The number of foreign visitors to Japan in 2008 turned downward for the first time in five years, totaling about 9.15 million, down 5,800, or 0.1 percent, from the previous year when it marked a record high, the Justice Ministry said Thursday in a preliminary report.
The number “was on the rise in the first half of the reporting year, but dwindled in the latter half against the backdrop of the global economic downturn and the yen’s surge,” a ministry official said.
The decline is said to be mainly attributable to a significant decrease in the number of visitors from South Korea, which saw its currency tumble sharply in the reporting year.
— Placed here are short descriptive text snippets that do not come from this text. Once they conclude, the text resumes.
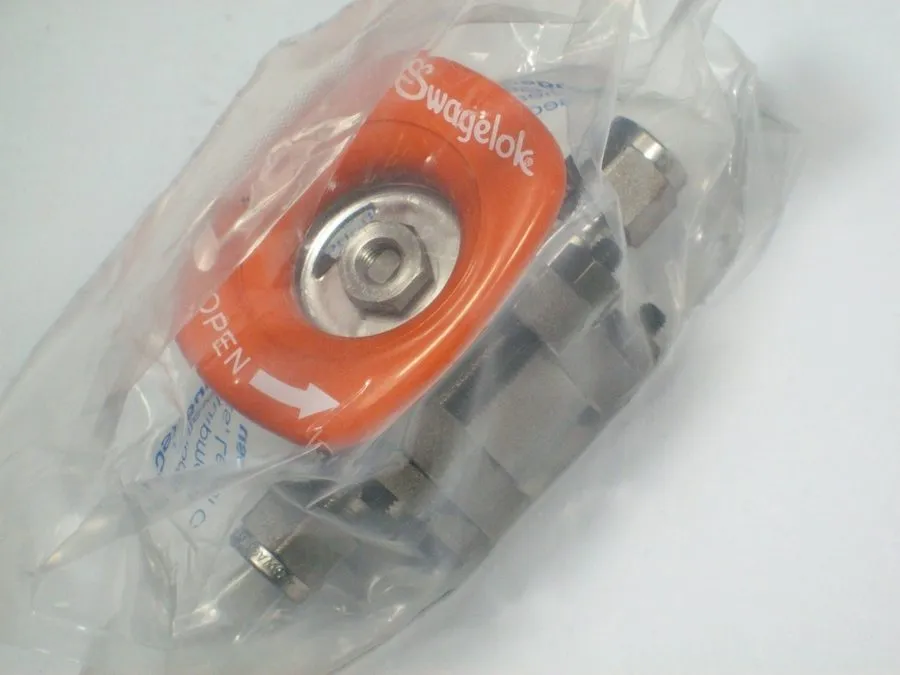 Клапан 1- Swagelok Monel Alloy 400/R-405 Poppet Check Valve, 1/2" OD Tube, M-8C-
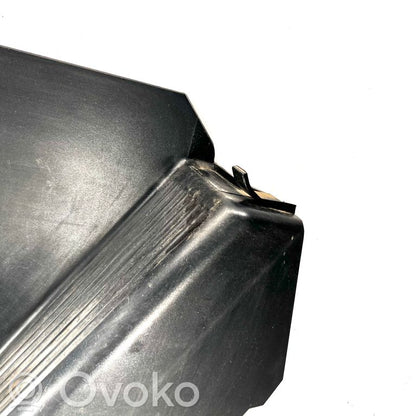 Kāju zonas sānu dekoratīvā apdare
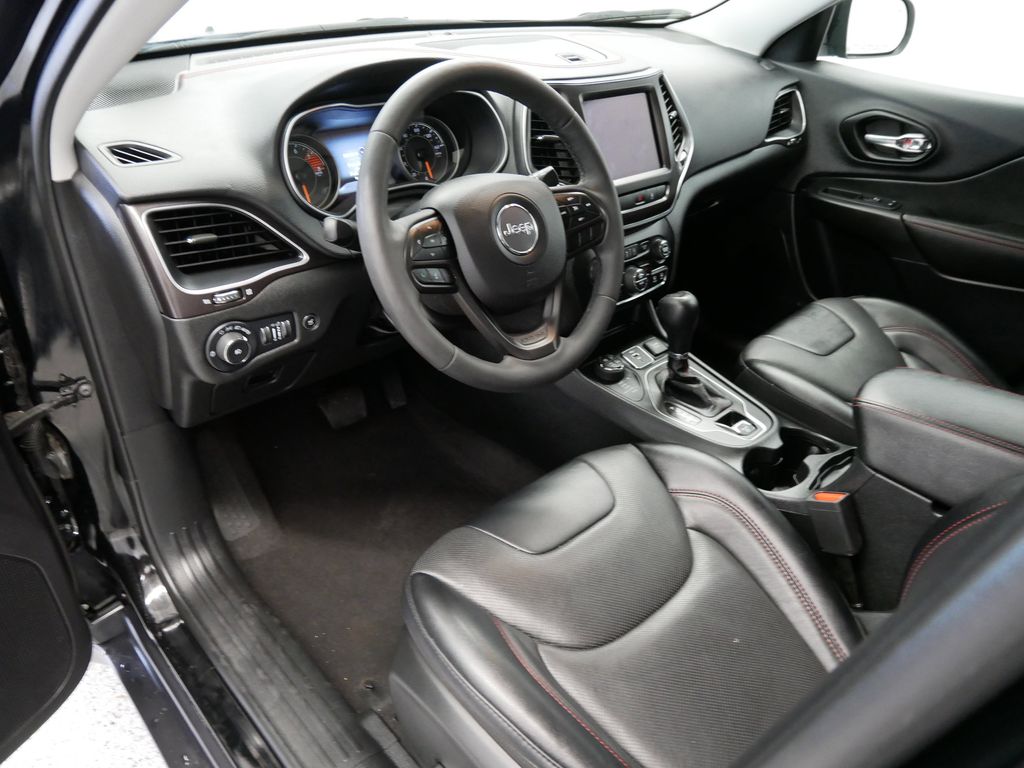 Certified 2022 Jeep Cherokee Trailhawk with VIN 1C4PJMBX8ND517172 for sale in Coon Rapids, Minnesota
They have accounted for about 30 percent of the total in recent years.
The number of Japanese traveling overseas meanwhile fell for the second straight year, down 7.6 percent from the year before to 15.99 million in a reflection of the slowing economy and the rise in airfares following crude oil price hikes, the ministry said.
Travel on decline
The number of Japanese trips lasting overnight or longer trips this year for business or pleasure will drop 1.3 percent from last year to 308.55 million, marking the seventh straight annual decline, top travel agency JTB Corp. forecast Thursday.
The economic crisis is expected to put a damper on travel even though weekends followed by three national holidays will occur in both May and September, making it easier to take a five-day vacation.